18. The method as claimed in claim 14, further comprising the steps
of: receiving the file from a file source by the sender desk;
dispatching a Transmission Control Protocol (TCP) block of the file
upon receipt and acknowledgment by the sender desk directly on a
Media Access Control protocol-Logical Link Control logical link
control sub-layer (MAC-LLC) level to be transmitted as is through
each physical data diode; and verifying all blocks necessary for
reconstruction of the file are present using the numbering
information contained in a TCP frame on receipt of TCP blocks by
the receiver desk.
19. The method as claimed in claim 14, further comprising the steps
of: receiving the file from a file source by the sender desk;
retrieving a file block extracted from a Transmission Control
Protocol (TCP) layer upon receipt and acknowledgment of a TCP block
of the file by the sender desk; dispatching by the sender desk, the
file block to a File Transfer Protocol (FTP) server and to a
transmission agent in charge of parallel transmission of the file
block on transmission pathways to the receiver desk through each
physical data diode; extracting the file blocks that have arrived
from the buffer memories corresponding to the parallel transmission
through each physical data diode by the receiver desk; and
processing the file block recognized as being correct and
eliminating file block not recognized as being correct.
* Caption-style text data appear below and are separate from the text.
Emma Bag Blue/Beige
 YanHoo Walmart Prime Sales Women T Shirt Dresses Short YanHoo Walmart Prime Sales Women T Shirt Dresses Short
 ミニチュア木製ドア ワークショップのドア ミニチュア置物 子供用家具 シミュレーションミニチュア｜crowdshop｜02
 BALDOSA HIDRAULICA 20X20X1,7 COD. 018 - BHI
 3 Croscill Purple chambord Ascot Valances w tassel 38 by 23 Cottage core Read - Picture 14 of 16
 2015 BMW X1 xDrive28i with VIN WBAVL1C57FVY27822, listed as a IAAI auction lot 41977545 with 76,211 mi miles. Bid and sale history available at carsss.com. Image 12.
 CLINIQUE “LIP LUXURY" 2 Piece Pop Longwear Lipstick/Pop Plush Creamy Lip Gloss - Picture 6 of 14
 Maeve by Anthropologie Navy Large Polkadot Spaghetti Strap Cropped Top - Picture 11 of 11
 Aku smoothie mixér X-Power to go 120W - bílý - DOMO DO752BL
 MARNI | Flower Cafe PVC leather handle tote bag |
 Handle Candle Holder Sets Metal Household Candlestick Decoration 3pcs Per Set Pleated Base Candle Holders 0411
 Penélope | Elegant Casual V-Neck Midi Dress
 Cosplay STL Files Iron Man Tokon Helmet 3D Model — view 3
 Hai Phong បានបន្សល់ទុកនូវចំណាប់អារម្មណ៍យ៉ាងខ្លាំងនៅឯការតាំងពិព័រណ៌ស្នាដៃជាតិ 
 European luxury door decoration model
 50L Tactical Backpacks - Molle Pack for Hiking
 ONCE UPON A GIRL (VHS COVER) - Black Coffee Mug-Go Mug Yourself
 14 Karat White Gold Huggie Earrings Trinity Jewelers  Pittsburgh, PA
20. The method as claimed in claim 19, further comprising the step
of dispatching the file block by the sender desk using a Media
Access Control protocol-Logical Link Control logical link control
sub-layer (MAC-LLC) level.
21. The method as claimed in claim 19, further comprising the step
of dispatching the file block by the sender desk using an Internet
Protocol/User Datagram Protocol (IP/UDP) level.
22. The method as claimed in claim 19, wherein the physical data
diode is an optical diode; and further comprising the steps
managing the FTP protocol by the TCP layer at the sender desk level
to dispatch an acknowledgment of receipt to the file source;
associating an index number and a file reference with the file
block by the TCP layer at the sender desk level; and transmitting
the file block, the associated index number and the associated file
reference to the receiver desk through each optical diode.
23. The method as claimed in claim 19, further comprising the step
of reconstructing and storing the file by the sender desk or
sending an alert to a supervision desk in case of packet loss.
24. The method as claimed in claim 19, further comprising the step
of implementing an appliB to appliH exchange protocol at the sender
desk level to: manage sequencing of exchanges; uniquely tag each
block transmitted for a given file in case of recovery; verify that
there are no missing file blocks for reconstructing the file;
finalize file transfer on recovery solely of the missing blocks;
and account for events of the FTP protocol so as to echo them on
the transfers between the sender and receiver desks.
25. The method as claimed in claim 24, further comprising the step
of interrupting the FTP transfer by an indication to the receiver
desk to stop listening and to erase the file part already
received.
26. A device for unidirectional transfer of data between an open
network and a protected network, comprising: at least one
transmission pathway comprising a physical data diode a sender desk
linked to the open network; a receiver desk linked to the protected
network through said at least one transmission pathway comprising a
physical data diode; the sender desk transmits a file packet by
packet to the receiver desk as soon as packets arrive at a sender
desk level on N (N>=2) transmission pathways in parallel, each
protected by a physical data diode; and the receiver desk receives
data in N buffer memories and reconstructs the file using a
numbering of the packets.
Description
[0001] The present invention pertains to the field of information
transmission systems.
[0002] It relates more particularly to a system allowing the
unidirectional transmission of data between two servers,
hereinafter referred to as "desks", in one direction only, commonly
referred to by the person skilled in the art as a "data diode".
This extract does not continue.